OH YES – OH NO – oh yes it is!   It’s the beautiful Byre Theatre in St. Andrews, open again after almost two years of insolvency and darkness; and if the party atmosphere surrounding this year’s pantomime is any guide, then the Byre’s new era as a university-owned theatre – run by St. Andrews University’s music director, Michael Downes – could be a lively one, full of exciting collisions between community companies, and professional theatre and music makers.

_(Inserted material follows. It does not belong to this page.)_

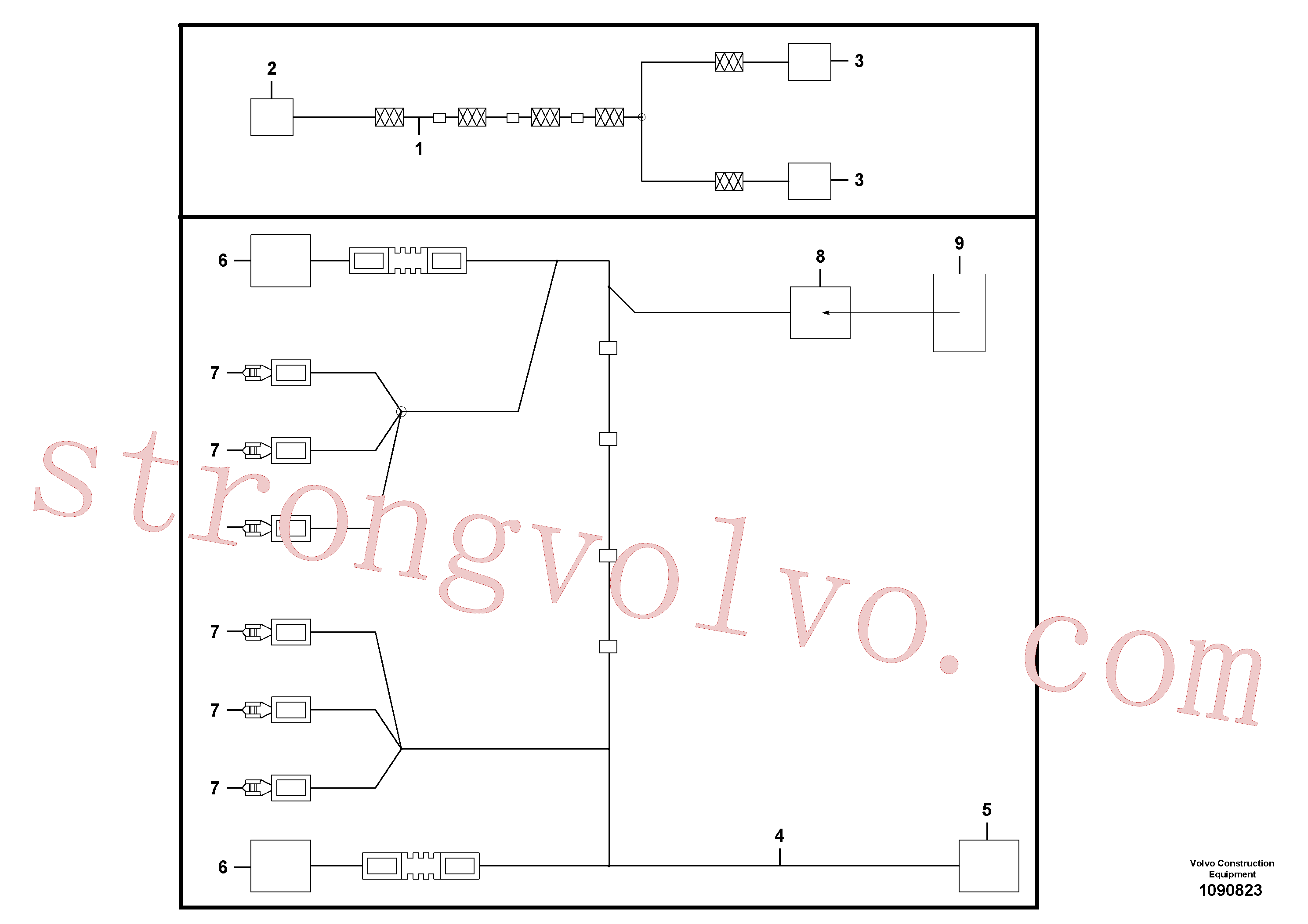VOE14346322 Volvo(1090823 Montagem)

It’s not that this year’s panto, written and drected by Gordon Barr of Glasgow’s Bard In The Botanics company, is the finest or most eloquent you will ever see; on the contrary, it’s rude, rough-and-ready, and a good 20 minutes too long, with a sag in the middle that has nothing to do with the Dame’s middle-aged spread.  What makes it irresistible, though, is a heady mixture of three sparkling ingredients.  In the first place, it’s absolutely drenched in true panto spirit, with most of the key panto traditions present and correct, from the delightful panto cow, Maggie, to the final song-sheet; and while the “Jack” team of local youth theatre members acted up a storm on stage – as assorted elves and fairy-tale characters – I was particularly impressed by the efforts of the alternating “Jill” team, up in the first-night audience, who had clearly been on an intensive course in world-class panto audience participation.

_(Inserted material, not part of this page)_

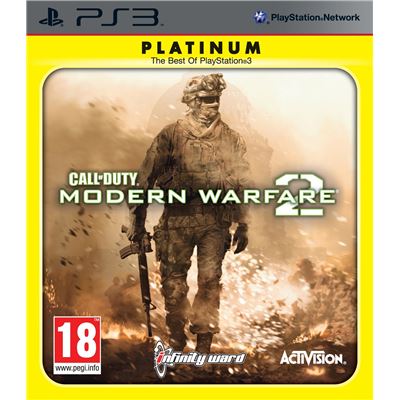 Jogo Activision Call of Duty: Modern Warfare 2 PS3 (GRADE A)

Then, there is Barr’s delightful willingness to tell the traditional story of poor boy Jack and his magical beanstalk, while entwining it with some hilarious original ideas. I liked the idea that Jack, his Mum, and his useless brother are living in a byre with Maggie when the baron tries to evict them (Save The Byre, geddit?), and couldn’t resist the 1970’s back-story, told in a flashback, of Dame Nellie and the Baron’s youthful glam-rock romance.

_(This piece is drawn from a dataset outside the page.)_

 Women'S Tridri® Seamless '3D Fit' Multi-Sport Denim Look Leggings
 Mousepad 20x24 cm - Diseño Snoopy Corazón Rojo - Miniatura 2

And finally, there’s the gorgeous look of the theatre itself, all its foyer areas decked out like a Victorian family Christmas party in fairylights, tinsel, trees, fireplaces with stockings, and big leather armchairs.  The air fairly glows with goodwill and good cheer, as this most beautiful of Scotland’s theatres begins to find its audience again; and Gordon Barr’s cast, led by Robert Elkin as Jack, Alan Steele as Dame Nellie, and Tom Duncan as the Baron, give this old story of evil conquered by love their very best, in an evening of panto that’s far from perfect, but gloriously welcome and welcoming, all the same.